The ultimate measure of a soldier is to stand firm when it counts most. And no moment can count more than when a man in uniform pays the ultimate price and defends the realm with his life. With guts. With honour. With glory. For the flag. For the republic. For freedom. For peace.
They left the comfort of their homes and the love of family for the hardship of the barracks.
They bade farewell to their loved ones, hoping that it would only be a matter of time before they come back home to those for whom their hearts beat.
Instead of a familiar knock on the door, wives have been left with an unfamiliar loneliness; their dreams shattered forever. Sons have within them an incomprehensible longing for fathers whose absence can only be explained by an eternal memorial of brass boots, a rifle and a helmet located at Moi Barracks Eldoret.

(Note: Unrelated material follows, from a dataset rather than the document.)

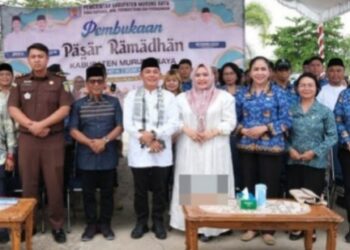 Wakil Ketua I DPRD Murung Raya, Dina Maulidah, menghadiri pembukaan Pasar Ramadan 1447 Hijriyah, Kamis (19/2/2026).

On it, brass strips with names of the departed. A fitting statue for our gallant soldiers. This was not in the script when, oozing patriotism, different companies within the Kenya Defence Forces took oath to serve and protect so that you and I can live free.
It was a dangerous, yet necessary choice, which they made on behalf of the rest of the nation. Their mission? To keep Kenya safe by stabilising Somalia. And then El Adde happened. Exactly one month ago tomorrow morning. To the generals, the bloody January 15, 2016 attack was a setback in the push to stabilise Somalia; a push to secure Kenya.
To the families of the fallen, the day is synonymous with death. To Kenyans it is everything between grief and fear. The civilised world grieves with Kenya.